Making storage management simpler for the vSphere Admin

I actually left a comment on Luca’s blog to try to highlight the fact that it is not just per-VM granularity and policies that gives VVols value. There are other aspects as well. With VVols, we introduce two new concepts; the Storage Container and the Protocol Endpoint, as shown in the previous diagram. Storage Container is easy to explain; you can think of it as an aggregate or pool of storage on the array with an associated set of capabilities. For example, these capabilities might be thin provisioning or/and deduplication or/and encryption or/and replication, etc, etc. The list goes on, but will be very much array dependent. This container or containers is surfaced in vSphere as a single VVol datastore. A vSphere admin now has the complete view of the array’s storage, which is now at his/her disposal. There is no longer a need to reach out the storage admin to carve up and present new LUNs or volumes when storage is required for new virtual machines.

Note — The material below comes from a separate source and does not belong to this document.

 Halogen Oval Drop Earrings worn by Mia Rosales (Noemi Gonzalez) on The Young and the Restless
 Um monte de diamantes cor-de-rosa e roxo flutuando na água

Reducing storage complexity

The Protocol Endpoint (PE) is another feature that is aimed towards simplicity. Consider the traditional LUN or Volume, which is both an access point as well as the storage container. The objective of the PE is to decouple the access point from the storage container. What this means is that we can now address all the storage on the array through one or more PEs. This means that the storage presentation workflows that we had to do in the past for storage, such as initiator groups, ensuring LUN IDs matched across all hosts, making sure the LUN was presented correctly for ESXi hosts, etc, is now also greatly reduced.

On the vSphere side, making sure that the multipathing configuration across all LUNs and across all hosts is also simplified, as you now only need to concern yourself with the PE device. Note that this will be true for NFS 4.1 as well, as soon as this is supported with VVols. Right now we only support NFS v3. NFS v4.1, which was supported with the 6.0 release, supports multipathing.

Scaling storage

I also wanted to make a point about scale. Currently there is a limit of 256 LUNs per ESXi host. With the introduction of VVols and PEs, we can now have 256 PE devices from multiple different arrays presented to the same ESXi host. What this means is that we can now have many 1,000s upon 1,000s of VVols (array dependent of course) presented to an ESXi host. VVols allows us to scale to a size that was not achievable previously.

In conclusion

I hope this gives you an idea about the value of VVols. It is not only about per-VM granularity, which is an excellent benefit in its own right. Consider array based snapshot on a per VM basis and array based replication on a per VM basis when we support it. VVols is also about policy based management for storage which will ensure that storage is provisioned correctly for VMs. It is also about simplifying storage management for vSphere administrators and scaling storage for vSphere to a factor never before possible.

Maybe VVols isn’t for every array vendor – they have their priorities too. But for us at VMware, all of these factors form some of the main goals of our software defined storage vision and applies to VSAN, VVols, SPBM, VASA and VAIO.